> [WHAT THE EXERCISE ASKS]:
Please write out word for word the opening lines of the material, including the line with "Visser. 🇵🇹🇧🇪 #NationsLeague" as the last.

Segment Start: SOURCE RECORDS

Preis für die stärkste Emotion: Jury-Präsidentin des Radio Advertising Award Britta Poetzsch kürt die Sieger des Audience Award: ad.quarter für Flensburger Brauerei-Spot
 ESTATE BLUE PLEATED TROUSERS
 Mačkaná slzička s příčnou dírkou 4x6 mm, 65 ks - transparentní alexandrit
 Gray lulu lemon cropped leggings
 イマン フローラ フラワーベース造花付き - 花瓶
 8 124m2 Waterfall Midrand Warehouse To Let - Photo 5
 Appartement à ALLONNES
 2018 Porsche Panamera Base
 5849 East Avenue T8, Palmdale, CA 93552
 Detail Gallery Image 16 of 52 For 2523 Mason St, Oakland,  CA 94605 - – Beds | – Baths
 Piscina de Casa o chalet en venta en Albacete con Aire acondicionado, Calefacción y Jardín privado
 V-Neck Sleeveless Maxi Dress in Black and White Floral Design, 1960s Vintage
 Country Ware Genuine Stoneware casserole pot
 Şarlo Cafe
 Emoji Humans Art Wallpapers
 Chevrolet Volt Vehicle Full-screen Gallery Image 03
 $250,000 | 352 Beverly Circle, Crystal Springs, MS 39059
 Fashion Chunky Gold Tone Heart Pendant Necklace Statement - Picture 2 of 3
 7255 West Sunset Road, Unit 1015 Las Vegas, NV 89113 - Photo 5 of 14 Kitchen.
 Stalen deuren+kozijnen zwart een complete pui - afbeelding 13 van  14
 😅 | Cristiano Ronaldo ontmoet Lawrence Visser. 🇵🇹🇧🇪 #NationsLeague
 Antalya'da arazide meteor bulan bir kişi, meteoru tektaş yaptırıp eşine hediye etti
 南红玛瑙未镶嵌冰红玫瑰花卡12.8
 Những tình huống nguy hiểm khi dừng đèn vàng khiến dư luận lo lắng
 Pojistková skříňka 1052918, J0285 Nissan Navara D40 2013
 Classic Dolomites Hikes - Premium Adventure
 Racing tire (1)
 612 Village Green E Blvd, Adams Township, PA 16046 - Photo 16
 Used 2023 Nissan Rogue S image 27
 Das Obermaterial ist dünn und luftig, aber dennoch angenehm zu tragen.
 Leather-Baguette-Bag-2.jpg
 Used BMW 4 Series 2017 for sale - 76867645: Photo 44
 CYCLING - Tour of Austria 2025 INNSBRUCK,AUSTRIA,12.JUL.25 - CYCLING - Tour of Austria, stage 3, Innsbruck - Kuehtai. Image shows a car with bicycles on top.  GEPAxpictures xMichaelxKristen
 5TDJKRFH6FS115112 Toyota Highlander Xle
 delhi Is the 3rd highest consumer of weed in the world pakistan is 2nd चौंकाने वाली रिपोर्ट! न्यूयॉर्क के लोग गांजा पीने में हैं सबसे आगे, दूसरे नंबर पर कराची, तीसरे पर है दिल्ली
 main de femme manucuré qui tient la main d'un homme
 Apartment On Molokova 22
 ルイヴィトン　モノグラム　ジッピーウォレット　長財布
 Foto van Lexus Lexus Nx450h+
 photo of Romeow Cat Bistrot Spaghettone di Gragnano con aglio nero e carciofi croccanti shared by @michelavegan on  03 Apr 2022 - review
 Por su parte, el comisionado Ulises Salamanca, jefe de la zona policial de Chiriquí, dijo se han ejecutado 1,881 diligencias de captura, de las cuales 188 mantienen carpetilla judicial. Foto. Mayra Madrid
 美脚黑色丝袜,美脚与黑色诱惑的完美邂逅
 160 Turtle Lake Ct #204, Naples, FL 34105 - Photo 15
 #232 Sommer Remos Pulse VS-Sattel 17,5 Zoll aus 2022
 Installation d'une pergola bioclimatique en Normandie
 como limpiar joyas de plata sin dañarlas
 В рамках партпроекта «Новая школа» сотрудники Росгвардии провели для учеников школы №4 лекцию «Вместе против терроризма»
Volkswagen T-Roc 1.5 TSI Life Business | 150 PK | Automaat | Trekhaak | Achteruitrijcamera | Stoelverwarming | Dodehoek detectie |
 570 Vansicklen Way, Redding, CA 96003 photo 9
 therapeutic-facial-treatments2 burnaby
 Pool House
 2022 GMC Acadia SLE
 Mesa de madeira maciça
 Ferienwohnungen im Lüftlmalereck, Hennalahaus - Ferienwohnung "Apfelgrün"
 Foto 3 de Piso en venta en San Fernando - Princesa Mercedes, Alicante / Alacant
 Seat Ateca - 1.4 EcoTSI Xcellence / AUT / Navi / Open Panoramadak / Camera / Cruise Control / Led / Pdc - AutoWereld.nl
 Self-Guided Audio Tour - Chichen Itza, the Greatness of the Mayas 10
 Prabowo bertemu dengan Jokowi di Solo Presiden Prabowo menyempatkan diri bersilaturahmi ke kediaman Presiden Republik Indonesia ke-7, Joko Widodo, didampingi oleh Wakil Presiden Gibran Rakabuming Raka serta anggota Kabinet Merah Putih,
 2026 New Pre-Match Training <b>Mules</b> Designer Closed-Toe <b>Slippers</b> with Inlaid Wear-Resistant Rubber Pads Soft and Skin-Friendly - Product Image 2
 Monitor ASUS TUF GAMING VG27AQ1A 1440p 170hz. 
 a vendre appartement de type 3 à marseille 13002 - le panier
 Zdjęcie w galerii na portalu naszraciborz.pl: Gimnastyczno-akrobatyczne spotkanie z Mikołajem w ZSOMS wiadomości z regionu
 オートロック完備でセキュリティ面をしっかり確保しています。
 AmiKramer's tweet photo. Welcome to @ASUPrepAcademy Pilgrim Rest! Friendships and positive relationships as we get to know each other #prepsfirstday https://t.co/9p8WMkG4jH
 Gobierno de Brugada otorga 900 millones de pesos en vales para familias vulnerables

Segment End: SOURCE RECORDS

> [WRITTEN SOLUTION]:
Preis für die stärkste Emotion: Jury-Präsidentin des Radio Advertising Award Britta Poetzsch kürt die Sieger des Audience Award: ad.quarter für Flensburger Brauerei-Spot
 ESTATE BLUE PLEATED TROUSERS
 Mačkaná slzička s příčnou dírkou 4x6 mm, 65 ks - transparentní alexandrit
 Gray lulu lemon cropped leggings
 イマン フローラ フラワーベース造花付き - 花瓶
 8 124m2 Waterfall Midrand Warehouse To Let - Photo 5
 Appartement à ALLONNES
 2018 Porsche Panamera Base
 5849 East Avenue T8, Palmdale, CA 93552
 Detail Gallery Image 16 of 52 For 2523 Mason St, Oakland,  CA 94605 - – Beds | – Baths
 Piscina de Casa o chalet en venta en Albacete con Aire acondicionado, Calefacción y Jardín privado
 V-Neck Sleeveless Maxi Dress in Black and White Floral Design, 1960s Vintage
 Country Ware Genuine Stoneware casserole pot
 Şarlo Cafe
 Emoji Humans Art Wallpapers
 Chevrolet Volt Vehicle Full-screen Gallery Image 03
 $250,000 | 352 Beverly Circle, Crystal Springs, MS 39059
 Fashion Chunky Gold Tone Heart Pendant Necklace Statement - Picture 2 of 3
 7255 West Sunset Road, Unit 1015 Las Vegas, NV 89113 - Photo 5 of 14 Kitchen.
 Stalen deuren+kozijnen zwart een complete pui - afbeelding 13 van  14
 😅 | Cristiano Ronaldo ontmoet Lawrence Visser. 🇵🇹🇧🇪 #NationsLeague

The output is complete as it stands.